Au final, sans vraiment savoir ce que je fais, je prends un paquet au hasard. Plus loin, c’est le même manège. Des vingtaines de saucissons, des dizaines de boîtes d’œufs. Pourtant, ils viennent tous d’un cochon ? Ils sortent tous du trou du cul d’une poule ? Alors pourquoi forcer à la perplexité l’esprit basique du consommateur lambda ? Il veut manger, un point c’est tout. Alors qu’est-ce que ça peut bien lui foutre Herta© ou Loué© tant qu’il a l’assiette pleine ? Merde ! Je crève juste la dalle !

Justement, celle-ci me fait faire n’importe quoi. Dès que je vois un truc (il n’y a pas d’autres mots.) a priori gouleyant, je le jette dans le chariot. Vais-je vraiment manger ce mitonné de mouton aux herbes ? C’est quoi exactement un sublime de volaille ? A bien y penser, ce doit être exactement le but recherché.
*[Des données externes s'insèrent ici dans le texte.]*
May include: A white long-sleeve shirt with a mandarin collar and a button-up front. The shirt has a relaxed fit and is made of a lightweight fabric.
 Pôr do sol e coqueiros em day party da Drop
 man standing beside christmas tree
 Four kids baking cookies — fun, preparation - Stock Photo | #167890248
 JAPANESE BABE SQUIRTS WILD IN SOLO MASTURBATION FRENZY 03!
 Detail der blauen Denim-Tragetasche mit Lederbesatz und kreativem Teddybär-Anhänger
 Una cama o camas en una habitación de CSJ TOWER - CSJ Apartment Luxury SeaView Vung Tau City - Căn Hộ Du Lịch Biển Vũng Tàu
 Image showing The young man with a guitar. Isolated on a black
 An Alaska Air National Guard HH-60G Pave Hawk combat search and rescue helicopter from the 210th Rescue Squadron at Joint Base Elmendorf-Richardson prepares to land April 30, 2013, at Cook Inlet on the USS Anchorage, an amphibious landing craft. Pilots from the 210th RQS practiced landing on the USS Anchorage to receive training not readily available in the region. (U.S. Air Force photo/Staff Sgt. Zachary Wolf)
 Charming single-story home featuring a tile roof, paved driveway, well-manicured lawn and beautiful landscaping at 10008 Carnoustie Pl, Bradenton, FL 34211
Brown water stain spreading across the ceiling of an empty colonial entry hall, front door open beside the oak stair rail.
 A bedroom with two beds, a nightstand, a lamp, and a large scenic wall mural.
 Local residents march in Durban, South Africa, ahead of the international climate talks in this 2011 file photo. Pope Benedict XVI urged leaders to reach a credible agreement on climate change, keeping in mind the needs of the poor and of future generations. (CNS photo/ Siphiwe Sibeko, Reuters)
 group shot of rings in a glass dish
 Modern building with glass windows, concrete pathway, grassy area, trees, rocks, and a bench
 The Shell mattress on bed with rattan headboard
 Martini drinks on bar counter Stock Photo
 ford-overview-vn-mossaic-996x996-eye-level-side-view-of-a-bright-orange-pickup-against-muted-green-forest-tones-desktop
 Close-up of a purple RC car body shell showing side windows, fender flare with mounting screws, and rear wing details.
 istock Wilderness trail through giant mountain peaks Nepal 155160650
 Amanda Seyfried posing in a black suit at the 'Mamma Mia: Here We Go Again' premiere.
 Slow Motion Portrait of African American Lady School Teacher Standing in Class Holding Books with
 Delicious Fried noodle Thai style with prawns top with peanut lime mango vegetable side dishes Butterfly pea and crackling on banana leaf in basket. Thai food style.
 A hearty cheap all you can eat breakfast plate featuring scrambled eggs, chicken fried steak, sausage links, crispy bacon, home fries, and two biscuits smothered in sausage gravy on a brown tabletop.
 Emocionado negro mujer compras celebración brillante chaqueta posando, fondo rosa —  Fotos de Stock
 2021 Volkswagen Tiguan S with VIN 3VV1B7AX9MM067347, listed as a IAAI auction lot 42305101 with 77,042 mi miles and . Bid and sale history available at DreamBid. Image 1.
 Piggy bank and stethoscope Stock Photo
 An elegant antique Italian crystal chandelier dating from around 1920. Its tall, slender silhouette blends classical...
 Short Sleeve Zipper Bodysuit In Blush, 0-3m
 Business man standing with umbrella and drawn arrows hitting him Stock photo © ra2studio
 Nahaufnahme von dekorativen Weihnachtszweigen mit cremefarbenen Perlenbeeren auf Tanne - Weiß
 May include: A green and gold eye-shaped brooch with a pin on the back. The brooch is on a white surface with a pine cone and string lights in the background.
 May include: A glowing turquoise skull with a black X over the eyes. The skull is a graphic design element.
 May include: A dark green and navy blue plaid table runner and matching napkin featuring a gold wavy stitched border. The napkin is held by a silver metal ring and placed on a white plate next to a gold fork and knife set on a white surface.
Désorienté par le trop plein de trucs, le client n’agit plus rationnellement. Il remplit son Caddie© comme les poches des directeurs. C’est tout bénef de cultiver la déraison. Et comme un clampin, je suis les injonctions tacites de l’industrie agroalimentaire. Heureusement, les gargouillis impatients de mes intestins font taire les velléités bien-pensantes de ma conscience.

J’arrive même à sourire des agissements de mes semblables. Dans le rayon des chips et biscuits apéritifs, ingénieusement intercalé entre celui des spiritueux et des bières et sodas, je vois une femme, la quarantaine peut-être, les traits tendus par la nervosité et le geste sec d’agacement. A première vue, elle n’apprécie pas la foule. Peut-être n’est-ce pas son jour habituel pour faire les courses ? Bref… Comme moi devant les jambons, elle fronce des sourcils perplexes devant le nombre pléthorique de paquets de chips. Cette perplexité s’affiche sur son visage par un tic à la joue. A bout de patience, elle se saisit d’un paquet à hauteur de ses épaules — recette à l’ancienne — et le jette violemment dans son chariot. Je ris sous cape. Ses marmots seront ravis de découvrir en lieu et place de beaux pétales dorées, un magma graisseux de miettes.

Je pose un pack de bières en guise de cerise sur le gâteau de mon Caddie© rempli et me dirige après deux heures d’une conduite éprouvante (allez éviter les gamins qui surgissent en bombe d’un rayon ou esquiver une mamie qui s’arrête subitement, ses yeux myopes collés sur l’étiquette du machin qu’elle vient de prendre) vers les caisses.

Évidemment, pas une sans au minimum cinq personnes agglutinées derrière le tapis roulant. J’avance. Le sot espoir du béotien me persuade que pour moi, la fortune fera un geste et m’ouvrira les bras d’une caissière venant tout juste de prendre son service. Bien entendu, ça ne se passe pas comme ça et je termine à la queue d’une file trop longue. Devant moi, une mère braille sur ses deux garçons. Les monstres s’amusent à mettre sens dessus-dessous le présentoir de chewing-gum et autres bonbons suisses stratégiquement placé pour tenter une dernière fois le chaland. J’évite de rire face à l’inefficacité de l’ire maternelle. Plus elle gueule, plus ils foutent le bordel.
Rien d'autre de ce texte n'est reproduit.